But I would like to see the simple "Does it Add Value" Criteria being applied to the simple addition of a word to a Wikisaurus page. Does it add to the sum of knowledge? I will never understand the urge some people feel to delete, to remove, to censor.
You may not klnow my history. I come and go every few months, try to add value and do some tidying up. But usually quit in dusgust after the exclusionists win again.--Richardb 06:22, 15 November 2009 (UTC)
Yes the CFI isn't completely inclusionist. It is, however, the community consensus. You haven't said why Wikisaurus should be bound to a different CFI than the main namespace. And yes, by making edits contrary to community consensus it is inevitable that you will get disgusted. --Bequw¢τ 16:14, 15 November 2009 (UTC)
Richard, I oppose your proposal. I have started a thread in Beer Parlour on the subject of "Wikisaurus - inclusion criteria". --Dan Polansky 16:58, 15 November 2009 (UTC)
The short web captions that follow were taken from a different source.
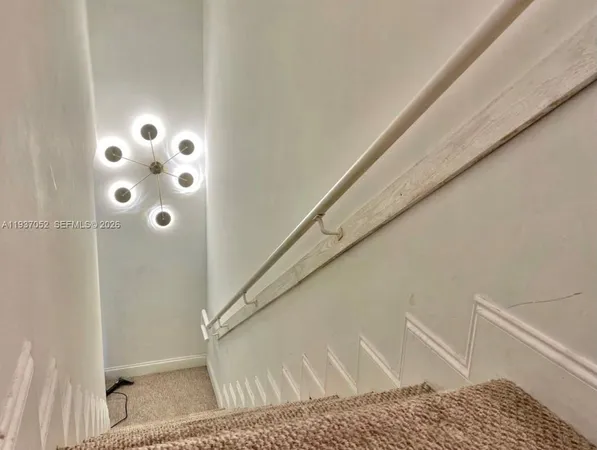 a view of staircase with white walls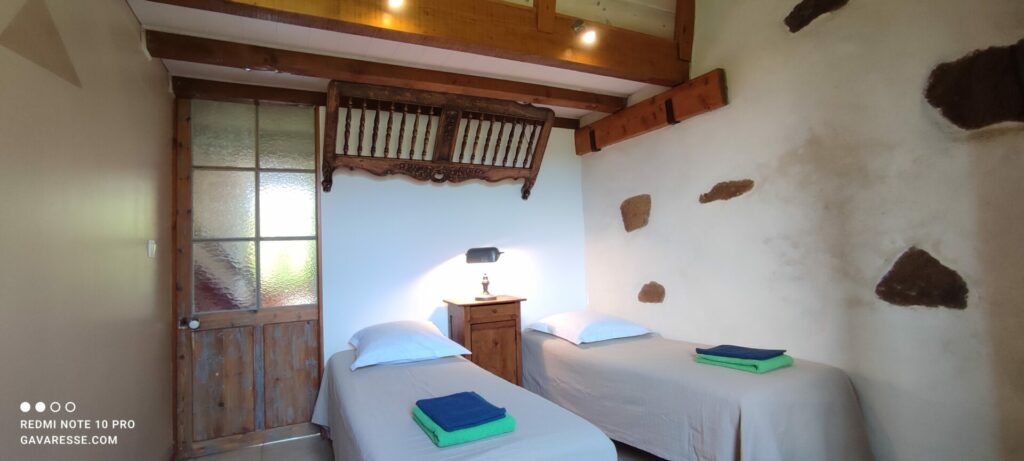 Chambre parentale du gîte L'Orangeraie avec deux lits simples 70x190, ambiance cosy et accès vers l'extérieur.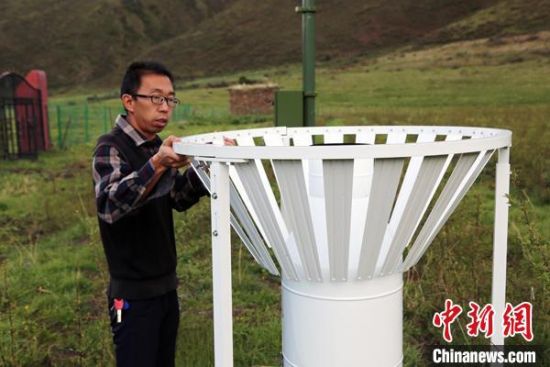 圖為班瑪縣氣象局工作人員在維護(hù)藏雪茶基地氣候站。青海省氣象局供圖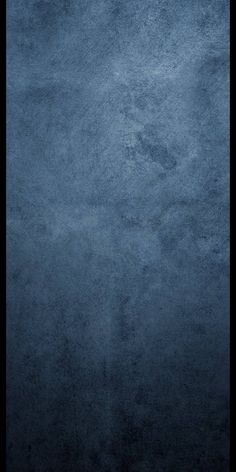 a dark blue background with some stains on it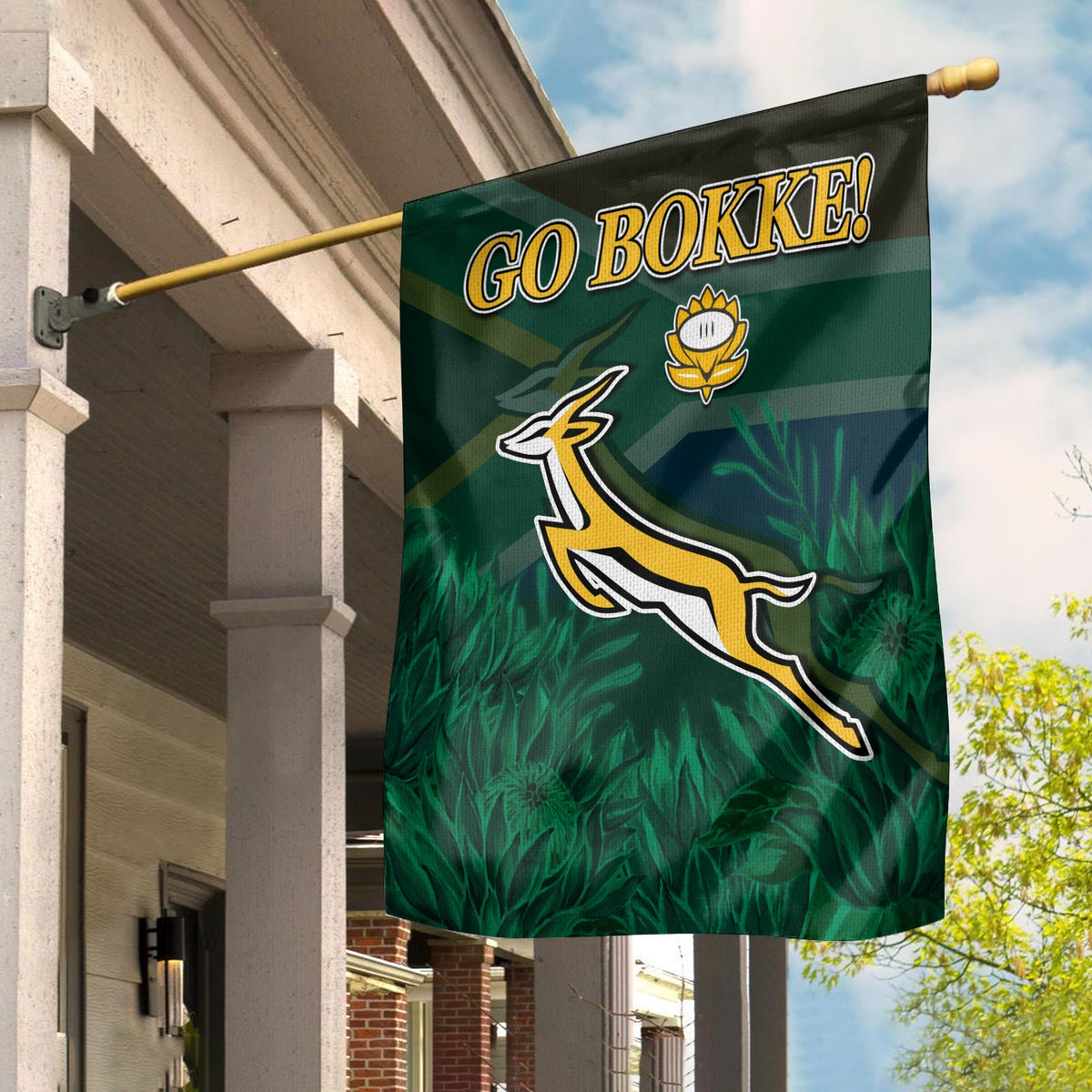 South Africa rugby garden flag with Go Bokke text and Bokke emblem, on pole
I agree that there is no reason to adopt different criteria for Wikisaurus. But the text of CFI should be changed to clearly allow all words. No, there is no community consensus on the current CFI text, and Richard's reaction illustrates this absence of consensus. Lmaltier 17:15, 15 November 2009 (UTC)
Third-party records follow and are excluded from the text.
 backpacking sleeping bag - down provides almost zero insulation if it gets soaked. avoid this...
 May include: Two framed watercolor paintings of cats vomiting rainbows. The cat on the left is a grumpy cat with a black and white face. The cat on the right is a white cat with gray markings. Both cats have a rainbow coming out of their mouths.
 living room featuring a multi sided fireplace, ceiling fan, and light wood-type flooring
Consensus as understood in discussions about wiki governance is not the same as unanimity, meaning that every single editor agrees. So Richard's reaction does not show the absence of consensus; it only shows at least one person disagrees: the consensus is not unanimous. --Dan Polansky 20:46, 15 November 2009 (UTC)

Purpose[edit]

This is an Editable CFI to promote discussion on what CFI could or should be. It is therefore inappropriate to control what is entered into the page on the grounds of what CFI currently is. —This unsigned comment was added by Richardb (talkcontribs).

I believe the other editors reverted your edits because of how they thought the CFI should be. As several other editors (including myself) disagreed with your edits, it would be best to discuss this controversial opinion here on the talk page. --Bequw¢τ 16:24, 14 November 2009 (UTC)
And for the same reason, I just reverted your edits. Once you know a certain change is controversial, find consensus on the talk page before making unilateral changes. --Bequw¢τ 16:01, 15 November 2009 (UTC)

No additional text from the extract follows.